Devotional Extra 5-20-13

Martha Wright and her husband Paul Boos were good friends in Wheeling. Paul's death in his early 40s was an unexpected shock after a brief illness, leaving Martha with their two young children, Alice and Thomas, now in their young adulthood. She had prepared this devotional to be printed elsewhere, and I asked her permission to include it in Johnson Memorial's devotional series. Thanks, Martha.
Jack Lipphardt, Senior Pastor
JMUMC

Today is Whit Monday, a day marked by a wide variety of pretty raucous traditions in some cultures—when I looked it up, there was everything from parades to throwing competitions to cheese rolling to mark the day. We won’t be engaging in anything quite like that. For us, this is just the day after Pentecost, the beginning of what the liturgical calendar calls, with a stunning lack of imagination, “the time after Pentecost,” or “ordinary time.” As a child, I equated Ordinary time with summer, when indeed being in church seemed very ordinary—as in especially boring. What it really means is not “seasonal time,” which would be the festival times such as Lent to Easter and Advent to Christmas. It is marked by ordinal numbers as in, second Sunday after Pentecost.
What are we to make of the “day after” Pentecost. It presents no tidy image. Years ago, it was popular in some congregations to identify us as “Easter” people. It was printed on bulletins and put on the sign out front. I was never comfortable with the term. Easter people. It meant, I think, that we were really, really excited about redemption and grace. And just plain frozen in joy and awe before that empty tomb. Wow! I suppose we could have been “Christmas” people--people who are just really, really excited about God coming to be with us as a human, just like he promised. We could live in a nativity snow globe of adoration, with that baby in the manger and his sweet mother, beneath that amazing star.
But in fact, we do not live in perpetual adoration, or joy, or awe. Life just doesn't work that way.
In the first Chapter of the book of Acts, Jesus tells the apostles, right before the Ascension, that they were to go wait for Pentecost. They wanted to know what it meant. They ask: Are you going to restore the kingdom of Israel? Is it time?
He answers: You don’t get to know the time. Timing is the Father’s business.

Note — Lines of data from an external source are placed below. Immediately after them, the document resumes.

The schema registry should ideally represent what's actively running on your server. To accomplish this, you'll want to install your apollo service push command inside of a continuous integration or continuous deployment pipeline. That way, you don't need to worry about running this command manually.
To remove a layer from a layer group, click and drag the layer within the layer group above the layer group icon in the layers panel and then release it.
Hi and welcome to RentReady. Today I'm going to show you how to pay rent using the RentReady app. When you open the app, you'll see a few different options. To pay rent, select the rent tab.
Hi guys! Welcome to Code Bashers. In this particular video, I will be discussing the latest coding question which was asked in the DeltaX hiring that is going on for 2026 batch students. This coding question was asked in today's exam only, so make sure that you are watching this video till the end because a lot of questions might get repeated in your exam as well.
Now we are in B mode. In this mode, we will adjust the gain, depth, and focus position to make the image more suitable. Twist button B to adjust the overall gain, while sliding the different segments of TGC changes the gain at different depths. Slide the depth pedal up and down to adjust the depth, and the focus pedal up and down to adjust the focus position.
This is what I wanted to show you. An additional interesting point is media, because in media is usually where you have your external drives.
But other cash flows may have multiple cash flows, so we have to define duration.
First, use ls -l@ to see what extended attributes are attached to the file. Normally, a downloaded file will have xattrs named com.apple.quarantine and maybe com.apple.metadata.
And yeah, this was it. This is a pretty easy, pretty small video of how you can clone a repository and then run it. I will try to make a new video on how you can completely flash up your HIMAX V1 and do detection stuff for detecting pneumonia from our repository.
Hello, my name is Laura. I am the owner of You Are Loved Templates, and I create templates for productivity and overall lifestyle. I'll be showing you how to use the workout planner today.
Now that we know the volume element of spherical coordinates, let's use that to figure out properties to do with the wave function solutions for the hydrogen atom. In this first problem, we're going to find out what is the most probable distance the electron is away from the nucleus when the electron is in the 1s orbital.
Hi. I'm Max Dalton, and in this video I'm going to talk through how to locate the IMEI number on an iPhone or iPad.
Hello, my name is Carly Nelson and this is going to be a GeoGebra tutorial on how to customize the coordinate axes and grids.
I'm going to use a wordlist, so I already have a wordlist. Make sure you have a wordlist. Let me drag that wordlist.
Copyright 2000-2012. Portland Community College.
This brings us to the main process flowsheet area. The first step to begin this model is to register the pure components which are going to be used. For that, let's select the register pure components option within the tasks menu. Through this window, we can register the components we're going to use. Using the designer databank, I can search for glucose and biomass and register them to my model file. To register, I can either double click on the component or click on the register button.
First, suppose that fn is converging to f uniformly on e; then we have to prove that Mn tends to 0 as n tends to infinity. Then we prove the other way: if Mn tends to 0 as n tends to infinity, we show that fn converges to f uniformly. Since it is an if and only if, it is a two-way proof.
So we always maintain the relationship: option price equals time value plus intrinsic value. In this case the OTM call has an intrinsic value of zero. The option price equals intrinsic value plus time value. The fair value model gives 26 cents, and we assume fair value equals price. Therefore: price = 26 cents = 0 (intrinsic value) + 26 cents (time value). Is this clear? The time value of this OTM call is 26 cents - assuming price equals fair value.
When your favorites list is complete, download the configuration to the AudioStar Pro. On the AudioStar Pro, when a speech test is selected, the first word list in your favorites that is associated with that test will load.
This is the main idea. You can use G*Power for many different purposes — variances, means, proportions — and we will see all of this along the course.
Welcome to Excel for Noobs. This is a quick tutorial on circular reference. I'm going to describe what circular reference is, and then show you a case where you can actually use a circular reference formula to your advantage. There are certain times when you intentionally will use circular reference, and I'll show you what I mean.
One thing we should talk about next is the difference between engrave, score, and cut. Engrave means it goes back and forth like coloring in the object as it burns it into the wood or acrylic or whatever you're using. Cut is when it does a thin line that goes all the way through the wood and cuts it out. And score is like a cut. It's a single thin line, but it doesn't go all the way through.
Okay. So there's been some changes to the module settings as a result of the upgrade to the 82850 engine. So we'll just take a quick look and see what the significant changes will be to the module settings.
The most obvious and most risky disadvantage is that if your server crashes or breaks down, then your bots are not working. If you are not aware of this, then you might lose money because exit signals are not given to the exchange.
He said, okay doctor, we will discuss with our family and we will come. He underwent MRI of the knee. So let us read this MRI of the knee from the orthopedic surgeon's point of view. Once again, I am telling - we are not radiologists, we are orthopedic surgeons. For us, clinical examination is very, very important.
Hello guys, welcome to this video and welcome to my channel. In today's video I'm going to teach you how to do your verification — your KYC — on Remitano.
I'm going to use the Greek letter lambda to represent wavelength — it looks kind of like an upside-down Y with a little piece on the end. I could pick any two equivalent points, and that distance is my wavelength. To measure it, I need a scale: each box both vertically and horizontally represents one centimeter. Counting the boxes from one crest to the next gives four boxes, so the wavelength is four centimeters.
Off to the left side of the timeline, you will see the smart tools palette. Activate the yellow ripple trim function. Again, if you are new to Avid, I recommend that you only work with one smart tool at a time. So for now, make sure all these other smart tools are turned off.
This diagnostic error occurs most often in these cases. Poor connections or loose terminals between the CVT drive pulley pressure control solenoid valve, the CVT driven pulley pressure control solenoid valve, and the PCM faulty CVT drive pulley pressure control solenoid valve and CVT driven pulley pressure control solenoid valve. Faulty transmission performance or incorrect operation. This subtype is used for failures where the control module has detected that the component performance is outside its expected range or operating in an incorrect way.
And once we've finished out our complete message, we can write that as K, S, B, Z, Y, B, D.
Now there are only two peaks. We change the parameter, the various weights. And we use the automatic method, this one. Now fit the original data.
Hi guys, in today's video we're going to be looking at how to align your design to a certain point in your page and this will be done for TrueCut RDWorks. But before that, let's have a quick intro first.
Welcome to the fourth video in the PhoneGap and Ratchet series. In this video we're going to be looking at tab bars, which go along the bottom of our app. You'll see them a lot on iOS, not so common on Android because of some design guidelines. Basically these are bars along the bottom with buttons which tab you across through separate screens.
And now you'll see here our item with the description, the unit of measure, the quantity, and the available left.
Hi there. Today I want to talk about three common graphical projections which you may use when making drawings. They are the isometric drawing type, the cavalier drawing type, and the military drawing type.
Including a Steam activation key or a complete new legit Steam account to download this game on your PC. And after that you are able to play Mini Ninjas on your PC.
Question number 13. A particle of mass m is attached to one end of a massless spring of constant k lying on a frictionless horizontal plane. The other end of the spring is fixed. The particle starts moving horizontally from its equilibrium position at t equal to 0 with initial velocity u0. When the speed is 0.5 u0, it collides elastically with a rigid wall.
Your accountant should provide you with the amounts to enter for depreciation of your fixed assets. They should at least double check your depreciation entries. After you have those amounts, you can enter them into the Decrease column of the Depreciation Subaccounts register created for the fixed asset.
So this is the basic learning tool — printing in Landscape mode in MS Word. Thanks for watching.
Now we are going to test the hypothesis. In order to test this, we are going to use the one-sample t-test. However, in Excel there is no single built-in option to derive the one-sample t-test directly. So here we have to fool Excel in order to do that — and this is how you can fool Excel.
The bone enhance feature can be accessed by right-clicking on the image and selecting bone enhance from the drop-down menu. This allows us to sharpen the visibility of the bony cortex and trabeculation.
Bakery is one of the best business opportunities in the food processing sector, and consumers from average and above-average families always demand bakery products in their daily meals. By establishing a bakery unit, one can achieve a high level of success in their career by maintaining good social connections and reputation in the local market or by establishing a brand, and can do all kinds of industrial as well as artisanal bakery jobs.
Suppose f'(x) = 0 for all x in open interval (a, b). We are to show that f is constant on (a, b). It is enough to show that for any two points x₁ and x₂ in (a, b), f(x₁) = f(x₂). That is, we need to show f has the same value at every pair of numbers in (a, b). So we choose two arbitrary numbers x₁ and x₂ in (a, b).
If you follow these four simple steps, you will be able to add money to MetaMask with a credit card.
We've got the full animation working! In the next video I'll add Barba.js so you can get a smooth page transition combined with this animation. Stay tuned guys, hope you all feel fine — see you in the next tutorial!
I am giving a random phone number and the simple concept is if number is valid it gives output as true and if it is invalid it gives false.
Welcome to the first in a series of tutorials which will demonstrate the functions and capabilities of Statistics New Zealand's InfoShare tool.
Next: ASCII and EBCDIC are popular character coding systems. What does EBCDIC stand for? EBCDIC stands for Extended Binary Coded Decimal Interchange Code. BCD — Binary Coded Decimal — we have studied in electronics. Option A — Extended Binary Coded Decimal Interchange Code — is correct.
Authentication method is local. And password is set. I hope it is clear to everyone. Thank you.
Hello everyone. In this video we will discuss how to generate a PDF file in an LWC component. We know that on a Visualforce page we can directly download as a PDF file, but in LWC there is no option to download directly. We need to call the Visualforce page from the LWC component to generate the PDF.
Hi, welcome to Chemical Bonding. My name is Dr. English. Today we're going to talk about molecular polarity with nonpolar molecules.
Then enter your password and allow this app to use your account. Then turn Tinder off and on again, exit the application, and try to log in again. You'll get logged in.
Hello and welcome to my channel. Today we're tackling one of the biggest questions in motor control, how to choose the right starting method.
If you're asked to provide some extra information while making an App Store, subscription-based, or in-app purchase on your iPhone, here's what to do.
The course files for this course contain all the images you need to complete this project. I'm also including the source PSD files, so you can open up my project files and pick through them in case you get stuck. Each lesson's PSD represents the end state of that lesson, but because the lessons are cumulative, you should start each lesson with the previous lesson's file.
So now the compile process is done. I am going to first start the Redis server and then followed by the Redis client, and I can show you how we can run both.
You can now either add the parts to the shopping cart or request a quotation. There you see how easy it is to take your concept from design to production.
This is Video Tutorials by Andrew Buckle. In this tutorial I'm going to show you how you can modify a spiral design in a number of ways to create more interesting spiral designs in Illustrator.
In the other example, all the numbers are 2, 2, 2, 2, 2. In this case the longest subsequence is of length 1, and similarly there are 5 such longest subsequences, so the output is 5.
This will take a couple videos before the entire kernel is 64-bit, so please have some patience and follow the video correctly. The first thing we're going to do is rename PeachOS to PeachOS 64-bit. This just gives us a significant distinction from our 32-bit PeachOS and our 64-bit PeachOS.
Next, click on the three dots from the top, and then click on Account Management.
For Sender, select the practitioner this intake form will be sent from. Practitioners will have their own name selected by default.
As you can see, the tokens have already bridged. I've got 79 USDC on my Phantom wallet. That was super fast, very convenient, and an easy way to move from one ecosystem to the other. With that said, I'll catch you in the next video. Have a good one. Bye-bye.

What you’ll get is the Holy Spirit. And when the Holy Spirit comes on you, you will be able to be my witnesses…even to the ends of the world. Then away he goes. And the apostles don’t know quite what to do. And the angels ask them, ‘what are you doing standing around looking at an empty sky?” So they go to the upper room and they have a committee meeting and they figure they better put in a replacement for Judas and Matthias gets the job. Frankly, to me, this never sounded like really important work, but, reportedly, it was what they did while waiting for whatever this Pentecost experience was going to be. And then Pentecost happens, which is truly, truly awesomeand then life goes on. It is the “Monday after Pentecost,” in a way that doesn't mark any “ordinary time” for the apostles, because they have to build a church in their society, which is hostile and persecutes them and even kills them. They are “the time after Pentecost people, because now after the Nativity, and the Crucifixion, and the Resurrection, and the Ascension, all of time is the “time after Pentecost.” We are all, in fact, “the time after Pentecost” people--which is pretty clunky as a slogan, lacks a clear visual and marks no particular spot to stand on. Instead, we have a job—to be witnesses. And because we are human, we do in fact, not always get it right, because we are distracted by “the world’s guesses and opinions” and we do respond to our own “mental or emotional footwork.” But the Holy Spirit accompanies us and when we work to get our “feet on firm spiritual ground,” then we can, with the Spirit, “pass it on,” sharing the everyday mystery of God’s relentless, amazing love. That’s our job. Get moving. It’s Monday.